I'm trying to take Lasso regression but I can't define well my X and Y in R.
#load data
>test.data<-read.spss("C:\\Users\\Inhib\\OneDrive\\documents\\dummy.sav",use.value.labels=TRUE, to.data.frame=TRUE)
>test.data #testing my data, it's all there so I won't add it here
#take columns 2 to 6 for X
>X<-as.matrix(test.data[,2:6])
# Column 1 is the predicted variable Y
>Y<-as.matrix(test.data[,1])
#Ok, let's fit it
fit<- glmnet(x, y, family="gaussian", alpha=0, lambda=0.001)
then I get this error message:
"Error in glmnet(x, y, family = "gaussian", alpha = 0, lambda = 0.001) :
number of observations in y (100) not equal to the number of rows of x (222)"

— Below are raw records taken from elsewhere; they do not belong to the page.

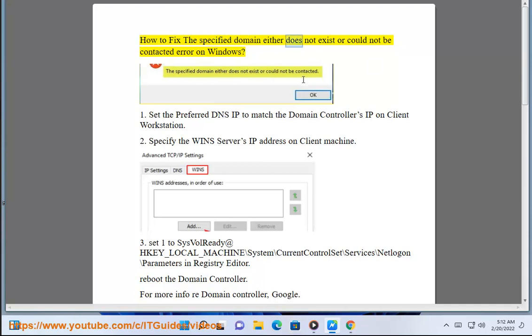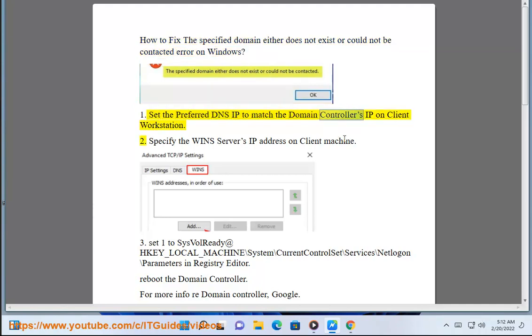How to fix a 'specified domain either does not exist or could not be contacted' error on Windows. Step 1: Set the preferred DNS IP to match the domain controller's IP on the client workstation.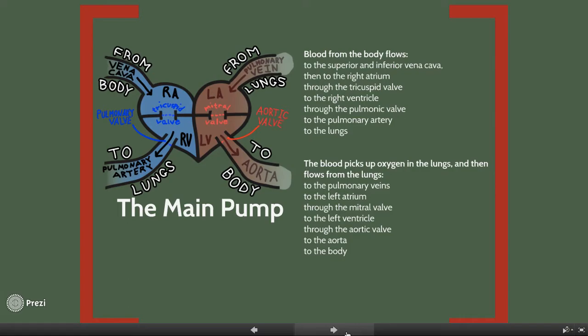The left ventricle has a thick muscle — thicker than any other heart chamber — because it must pump blood to the rest of the body against a much higher pressure.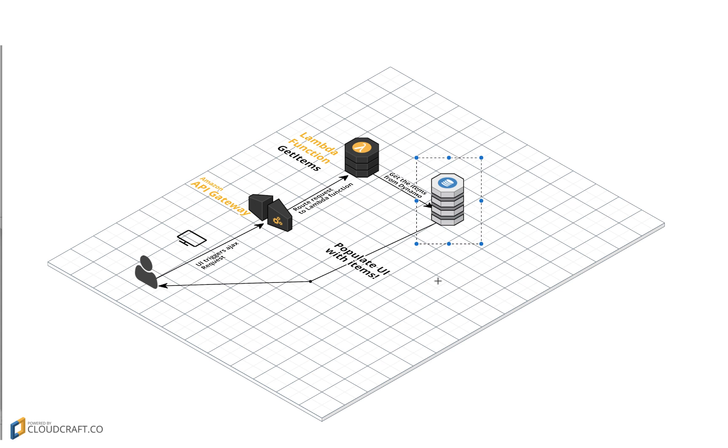And Dynamo, for those who don't know, is the NoSQL answer from AWS.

Now all columns are of the same length (222) but the error says that there are only 100 in Y and 222 in X.
#So I checked for Y here
>length(Y)
[1] 222
#Then checked for X
> length(X)
[1] 1110
Now, it certainly points to that I miss something. Obviously the matrix size is different and X is 222*5 columns, but how can I make it work? Meaning that this error will be gone...I tried many ways. I'm working on that for hours, that really stop me from progressing and there is not much help from google. Would be grateful for solution.